-- Information shown --
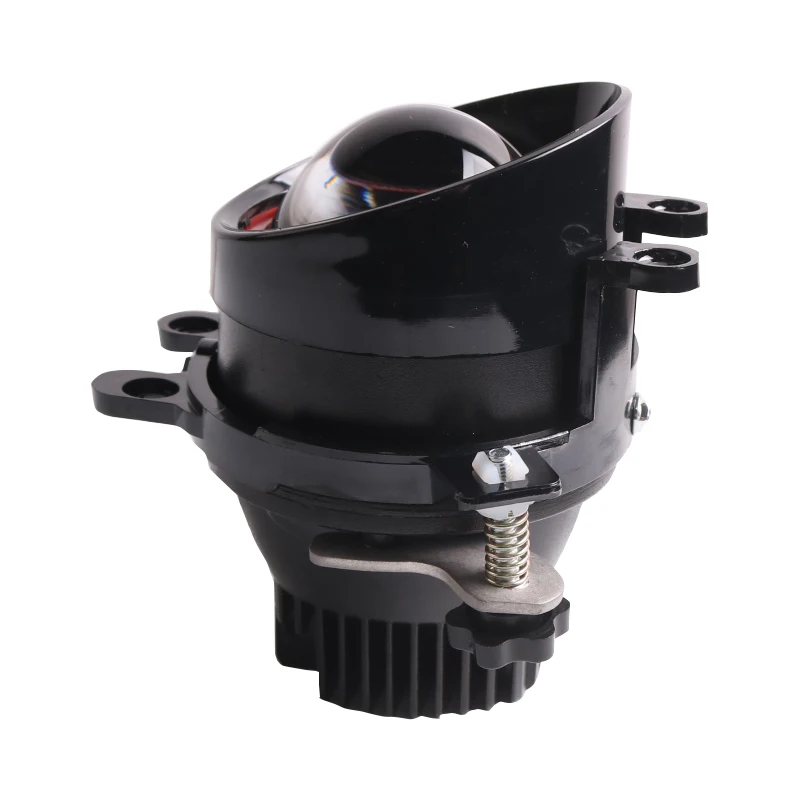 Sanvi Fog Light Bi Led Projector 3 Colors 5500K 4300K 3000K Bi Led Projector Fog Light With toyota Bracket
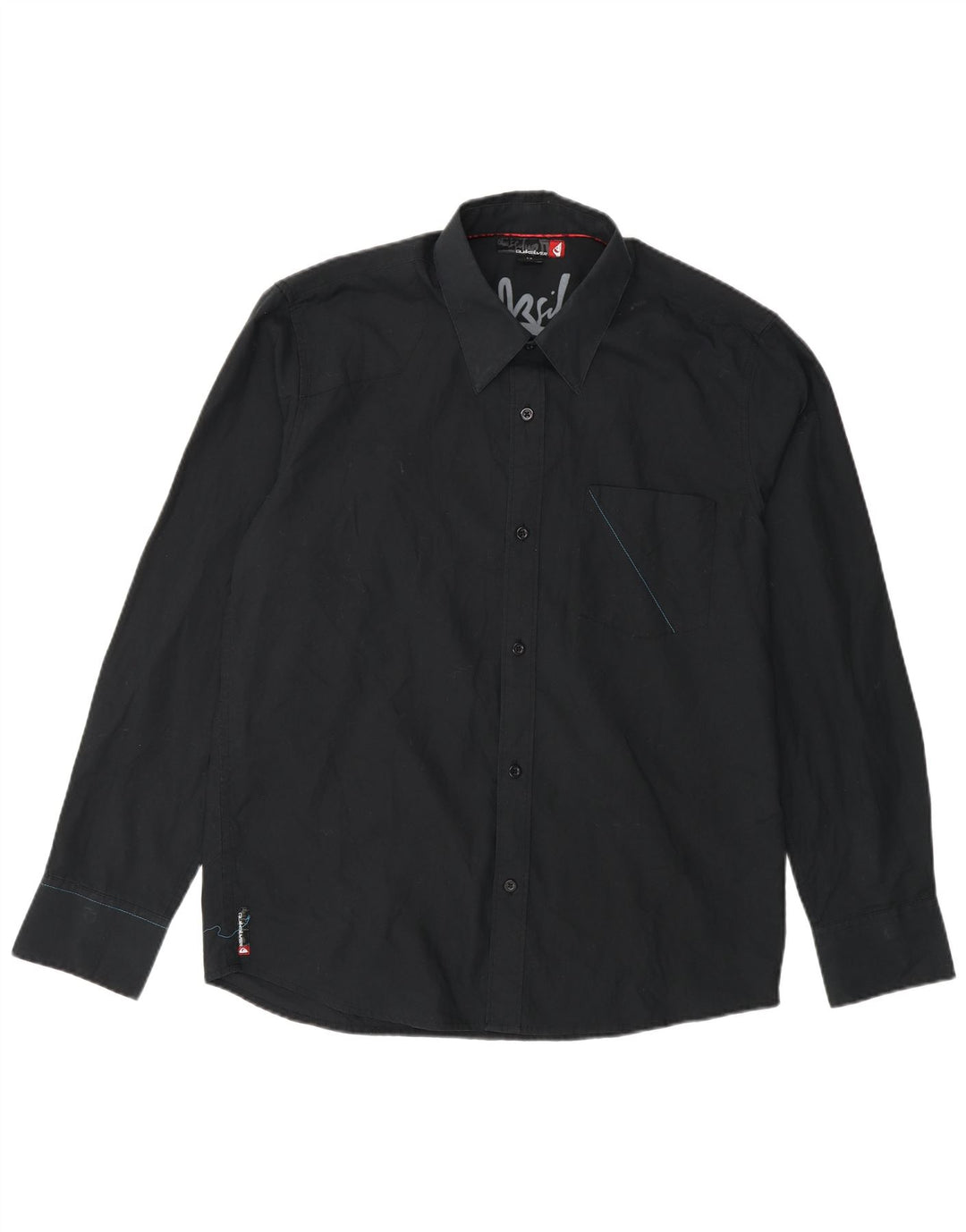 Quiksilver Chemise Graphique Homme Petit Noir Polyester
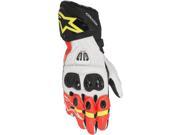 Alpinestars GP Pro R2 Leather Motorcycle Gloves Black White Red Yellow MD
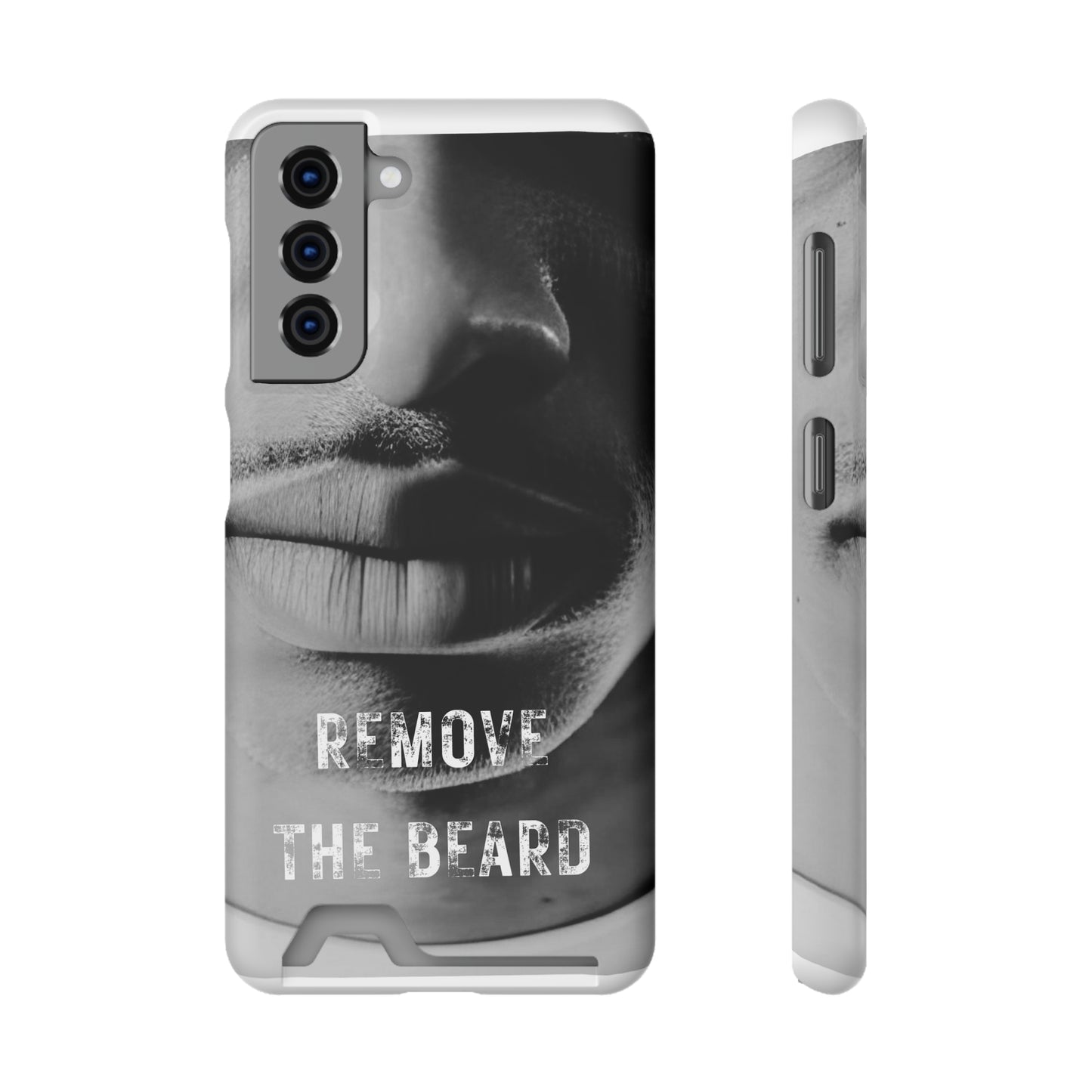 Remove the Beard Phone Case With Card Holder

...

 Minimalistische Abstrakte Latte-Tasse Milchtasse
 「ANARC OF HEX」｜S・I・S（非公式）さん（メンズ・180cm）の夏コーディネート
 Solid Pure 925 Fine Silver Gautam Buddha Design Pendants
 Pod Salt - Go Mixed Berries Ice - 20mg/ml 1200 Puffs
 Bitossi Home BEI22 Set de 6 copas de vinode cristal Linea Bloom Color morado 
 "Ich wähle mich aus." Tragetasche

-- What this task involves --
The answer is the lines above between the line holding "Minimalistische Abstrakte Latte-Tasse" and the line holding "Bitossi Home BEI22", inclusive, each written out exactly, and no others.

-- Solution below --
 Minimalistische Abstrakte Latte-Tasse Milchtasse
 「ANARC OF HEX」｜S・I・S（非公式）さん（メンズ・180cm）の夏コーディネート
 Solid Pure 925 Fine Silver Gautam Buddha Design Pendants
 Pod Salt - Go Mixed Berries Ice - 20mg/ml 1200 Puffs
 Bitossi Home BEI22 Set de 6 copas de vinode cristal Linea Bloom Color morado 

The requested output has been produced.